This descriptive study used a convenience sample of seven overviews of healthcare interventions that were selected from overviews conducted by the Alberta Research Centre for Health Evidence between 2010 to 2016. These overviews examined questions related to the efficacy or effectiveness of multiple interventions for preventing or treating clinical conditions related to pediatric health [22–28]. For each overview topic, all published English-language Cochrane and non-Cochrane SRs that met the overview’s inclusion criteria were identified from the reference list of the published overview and included in the study sample. All seven overviews included Cochrane SRs, and four also included non-Cochrane SRs. For the three overviews that did not include non-Cochrane SRs [23–25], we conducted additional literature searches to locate and include relevant non-Cochrane SRs. The literature searches were conducted by an information specialist using the inclusion criteria and search dates from each overview. Screening and inclusion were conducted independently by two reviewers, with discrepancies resolved by consensus or third party adjudication.
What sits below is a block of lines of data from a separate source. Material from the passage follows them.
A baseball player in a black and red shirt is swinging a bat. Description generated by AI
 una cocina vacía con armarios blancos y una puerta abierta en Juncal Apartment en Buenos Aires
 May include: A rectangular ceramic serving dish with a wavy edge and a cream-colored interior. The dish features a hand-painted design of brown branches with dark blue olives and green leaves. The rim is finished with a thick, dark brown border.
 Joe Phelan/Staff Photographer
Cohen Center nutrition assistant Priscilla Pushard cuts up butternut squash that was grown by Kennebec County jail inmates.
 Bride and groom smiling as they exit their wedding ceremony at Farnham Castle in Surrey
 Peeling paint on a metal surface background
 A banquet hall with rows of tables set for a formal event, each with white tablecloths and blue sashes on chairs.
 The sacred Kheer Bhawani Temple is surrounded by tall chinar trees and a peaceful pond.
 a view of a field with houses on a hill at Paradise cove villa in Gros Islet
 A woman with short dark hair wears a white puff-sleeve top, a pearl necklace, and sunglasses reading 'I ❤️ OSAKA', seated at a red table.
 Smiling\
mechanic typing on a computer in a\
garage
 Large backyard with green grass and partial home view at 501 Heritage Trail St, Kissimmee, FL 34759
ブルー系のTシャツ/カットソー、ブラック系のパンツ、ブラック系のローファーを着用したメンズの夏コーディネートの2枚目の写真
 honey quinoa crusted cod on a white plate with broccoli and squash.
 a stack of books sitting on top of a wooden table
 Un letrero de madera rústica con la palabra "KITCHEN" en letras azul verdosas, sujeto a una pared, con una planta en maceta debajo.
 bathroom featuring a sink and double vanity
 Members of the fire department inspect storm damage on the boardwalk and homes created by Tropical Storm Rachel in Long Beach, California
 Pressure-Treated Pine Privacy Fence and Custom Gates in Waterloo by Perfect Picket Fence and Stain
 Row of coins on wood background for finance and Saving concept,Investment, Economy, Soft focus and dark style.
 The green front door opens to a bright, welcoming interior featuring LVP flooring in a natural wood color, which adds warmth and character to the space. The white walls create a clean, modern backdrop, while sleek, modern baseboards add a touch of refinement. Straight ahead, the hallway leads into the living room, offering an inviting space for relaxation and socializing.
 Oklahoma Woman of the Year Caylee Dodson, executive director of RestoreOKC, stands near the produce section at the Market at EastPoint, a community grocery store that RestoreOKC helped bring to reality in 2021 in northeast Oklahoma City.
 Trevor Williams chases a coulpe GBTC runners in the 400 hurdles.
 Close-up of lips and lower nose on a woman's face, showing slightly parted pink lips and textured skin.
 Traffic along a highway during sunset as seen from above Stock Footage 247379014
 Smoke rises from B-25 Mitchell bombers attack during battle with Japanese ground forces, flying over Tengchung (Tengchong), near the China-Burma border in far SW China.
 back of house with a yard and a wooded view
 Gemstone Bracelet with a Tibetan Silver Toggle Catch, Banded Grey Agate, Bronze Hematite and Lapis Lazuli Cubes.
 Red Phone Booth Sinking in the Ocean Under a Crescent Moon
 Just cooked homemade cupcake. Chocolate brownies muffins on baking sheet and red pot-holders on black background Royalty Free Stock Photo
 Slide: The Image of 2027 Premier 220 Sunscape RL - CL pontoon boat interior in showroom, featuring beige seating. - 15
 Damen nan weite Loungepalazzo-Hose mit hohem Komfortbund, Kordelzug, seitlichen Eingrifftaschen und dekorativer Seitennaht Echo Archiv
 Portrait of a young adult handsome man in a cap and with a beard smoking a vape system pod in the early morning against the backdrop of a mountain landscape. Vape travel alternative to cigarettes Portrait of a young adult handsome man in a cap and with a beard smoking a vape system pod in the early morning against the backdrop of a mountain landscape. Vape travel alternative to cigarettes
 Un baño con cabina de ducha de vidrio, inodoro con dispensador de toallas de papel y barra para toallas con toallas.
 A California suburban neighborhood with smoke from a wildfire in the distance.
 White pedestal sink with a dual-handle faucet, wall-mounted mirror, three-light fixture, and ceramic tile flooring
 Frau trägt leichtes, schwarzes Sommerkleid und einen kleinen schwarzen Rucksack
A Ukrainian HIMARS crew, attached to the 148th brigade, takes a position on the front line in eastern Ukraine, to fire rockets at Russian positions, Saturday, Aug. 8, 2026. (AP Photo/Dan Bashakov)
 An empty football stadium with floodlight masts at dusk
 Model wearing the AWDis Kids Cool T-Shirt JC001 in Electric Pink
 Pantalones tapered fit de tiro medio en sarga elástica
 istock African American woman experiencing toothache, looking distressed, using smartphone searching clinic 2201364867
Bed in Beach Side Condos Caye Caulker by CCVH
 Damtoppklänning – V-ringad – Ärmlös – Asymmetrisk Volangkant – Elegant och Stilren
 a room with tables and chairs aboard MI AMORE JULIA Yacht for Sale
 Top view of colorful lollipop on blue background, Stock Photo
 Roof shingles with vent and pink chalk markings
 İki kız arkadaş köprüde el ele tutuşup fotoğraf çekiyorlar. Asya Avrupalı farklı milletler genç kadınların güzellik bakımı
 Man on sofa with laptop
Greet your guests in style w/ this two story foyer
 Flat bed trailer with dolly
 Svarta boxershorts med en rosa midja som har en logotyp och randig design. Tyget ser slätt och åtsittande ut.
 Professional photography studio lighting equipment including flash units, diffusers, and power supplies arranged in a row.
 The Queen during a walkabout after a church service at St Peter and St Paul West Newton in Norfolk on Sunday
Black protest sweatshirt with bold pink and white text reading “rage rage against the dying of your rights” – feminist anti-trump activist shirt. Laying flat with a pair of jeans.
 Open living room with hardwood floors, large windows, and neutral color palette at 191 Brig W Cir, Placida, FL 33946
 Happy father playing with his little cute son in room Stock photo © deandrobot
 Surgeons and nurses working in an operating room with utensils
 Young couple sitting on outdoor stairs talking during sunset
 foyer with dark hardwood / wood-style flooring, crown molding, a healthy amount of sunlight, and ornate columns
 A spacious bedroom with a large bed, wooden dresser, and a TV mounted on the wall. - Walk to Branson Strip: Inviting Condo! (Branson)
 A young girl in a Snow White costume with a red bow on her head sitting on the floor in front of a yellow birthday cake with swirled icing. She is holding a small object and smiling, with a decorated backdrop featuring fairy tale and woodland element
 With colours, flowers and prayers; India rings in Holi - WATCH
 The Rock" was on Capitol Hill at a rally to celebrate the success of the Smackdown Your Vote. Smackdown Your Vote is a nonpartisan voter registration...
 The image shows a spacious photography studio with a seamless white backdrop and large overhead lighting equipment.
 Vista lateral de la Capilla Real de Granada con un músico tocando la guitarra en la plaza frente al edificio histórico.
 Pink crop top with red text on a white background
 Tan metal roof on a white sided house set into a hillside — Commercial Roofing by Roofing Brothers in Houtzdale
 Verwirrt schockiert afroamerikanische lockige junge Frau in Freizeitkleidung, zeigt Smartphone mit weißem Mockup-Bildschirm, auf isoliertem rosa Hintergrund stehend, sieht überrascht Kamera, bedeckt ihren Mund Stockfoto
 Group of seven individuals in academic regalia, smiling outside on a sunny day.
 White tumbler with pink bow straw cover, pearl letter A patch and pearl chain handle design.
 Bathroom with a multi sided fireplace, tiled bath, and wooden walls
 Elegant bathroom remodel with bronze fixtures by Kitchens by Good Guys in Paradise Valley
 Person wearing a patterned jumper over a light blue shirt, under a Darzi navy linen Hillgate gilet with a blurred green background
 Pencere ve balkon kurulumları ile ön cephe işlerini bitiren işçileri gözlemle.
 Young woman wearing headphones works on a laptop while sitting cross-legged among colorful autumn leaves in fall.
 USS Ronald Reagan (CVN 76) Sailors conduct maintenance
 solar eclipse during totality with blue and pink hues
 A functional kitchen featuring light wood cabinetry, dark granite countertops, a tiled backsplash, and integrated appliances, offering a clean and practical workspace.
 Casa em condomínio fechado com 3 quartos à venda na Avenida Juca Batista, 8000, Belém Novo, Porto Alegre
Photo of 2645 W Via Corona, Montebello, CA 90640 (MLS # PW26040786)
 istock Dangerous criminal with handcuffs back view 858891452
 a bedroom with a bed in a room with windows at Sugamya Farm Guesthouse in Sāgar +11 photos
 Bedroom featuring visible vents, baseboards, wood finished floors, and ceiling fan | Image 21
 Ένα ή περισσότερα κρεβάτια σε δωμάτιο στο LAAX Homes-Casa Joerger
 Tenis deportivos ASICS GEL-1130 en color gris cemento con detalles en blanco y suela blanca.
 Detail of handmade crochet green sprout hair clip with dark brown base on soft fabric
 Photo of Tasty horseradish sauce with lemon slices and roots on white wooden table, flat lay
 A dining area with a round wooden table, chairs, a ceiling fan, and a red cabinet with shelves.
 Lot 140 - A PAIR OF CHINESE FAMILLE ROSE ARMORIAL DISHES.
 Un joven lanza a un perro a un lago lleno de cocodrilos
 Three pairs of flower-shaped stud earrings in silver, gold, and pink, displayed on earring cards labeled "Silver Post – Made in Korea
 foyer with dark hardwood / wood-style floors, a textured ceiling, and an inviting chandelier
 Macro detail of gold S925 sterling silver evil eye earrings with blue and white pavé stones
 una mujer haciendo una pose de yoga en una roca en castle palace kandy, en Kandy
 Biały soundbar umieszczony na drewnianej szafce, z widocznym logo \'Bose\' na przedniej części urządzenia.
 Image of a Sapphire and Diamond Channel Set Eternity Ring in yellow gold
For feasibility, we restricted the scope of one overview topic by population (outpatients only) . Search strategies for all overview topics are available in published overviews and upon request.
Two reviewers used the AMSTAR tool to independently assess the methodological quality of each SR included in the sample. Each of the eleven questions in the AMSTAR tool was answered “yes”, “no”, “can’t answer”, or “unable to assess”, and discrepancies between reviewers for individual AMSTAR questions were resolved via consensus or third party adjudication. In accordance with other empirical studies assessing measurement properties of AMSTAR [20, 21, 29–32], all items scoring “yes” received one point, and points were summed to a maximum of eleven for each SR.
When conducting AMSTAR assessments, reviewers also independently documented any challenges or issues that arose when assessing AMSTAR in the context of the overview of interest, including which question(s) of the AMSTAR tool were impacted by each challenge and potential reasons why each challenge posed difficulties. Reviewers also independently developed decision rules that could be used to address the challenges identified. Challenges and decision rules were discussed between reviewers until agreement was reached and were then summarized narratively.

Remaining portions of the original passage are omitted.